Noorul Huda N
DevRel Engineer
SquaredUp’s Director of Engineering Services, Tim Wheeler, explains how his team approaches monitoring Azure DevOps pipelines, the challenges they've encountered, and how SquaredUp helps solve them.
As Tim puts it, pipeline monitoring becomes essential as your DevOps environment scales. He identifies four key drivers:
Build status visibility: Email notifications work fine when you have one or two pipelines, but as that number grows, "it becomes a real challenge to understand exactly what's going through the system at any point in time."
Troubleshooting and optimization: Pipelines constantly evolve - teams add stages, remove them, adjust configurations. "Monitoring your pipelines will really help you target which areas need improvement and how you should tackle it," Tim explains. Maybe the duration becomes very long, or stages become problematic.
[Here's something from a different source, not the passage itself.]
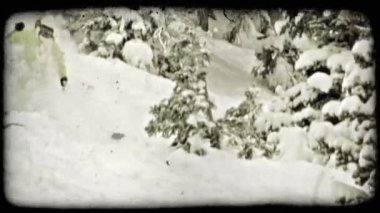 Beyaz ve yeşil giyinmiş kadın kayakçı, kar yağarken toz karla kaplı tepeden aşağı kayaklar, arka planda dökmeyen ağaçlar. Vintage stilize video klip.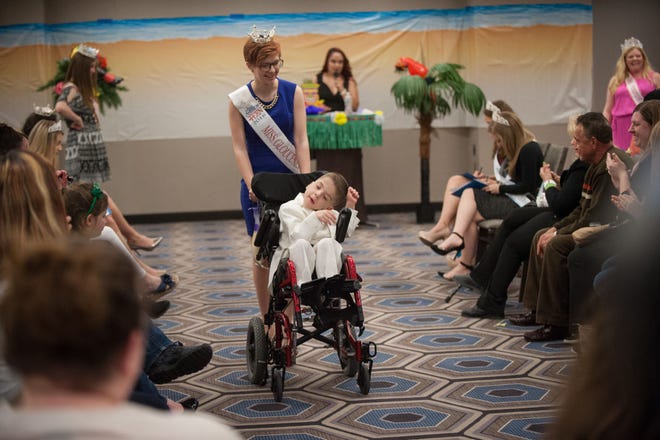 Miss Gloucester County's Teen Shelby Watts, 16, of Vineland, escorts Ronnie Seal, 6, of Levittown, down the runway during the evening wear portion of the Tiara's Loving Children Special Needs Pageant on Saturday, March 12, 2016, at the Sheraton Bucks County in Falls.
Without monitoring, teams are guessing where to focus their efforts.
Cost management: Cost is always a factor in IT. Understanding what pipelines consume and how to optimize them delivers real benefits to both engineering teams and the business bottom line.
Deployment coordination: This is especially crucial for applications made up of multiple microservices or component parts built by different teams. As Tim explains, “You can have multiple pipelines doing multiple deployments, maybe to many environments, and all of that together is going to be what makes up one release of your product.” Understanding exactly what’s stuck, lagging behind, or successfully deployed matters not just for DevOps practice, but for hitting business goals.
Azure DevOps provides some basic dashboards with pipeline views, but Tim’s team kept hitting critical limitations:
Limited widgets and visualization: You only get one visualization type per widget with very few parameters to scope the data. The options feel restrictive.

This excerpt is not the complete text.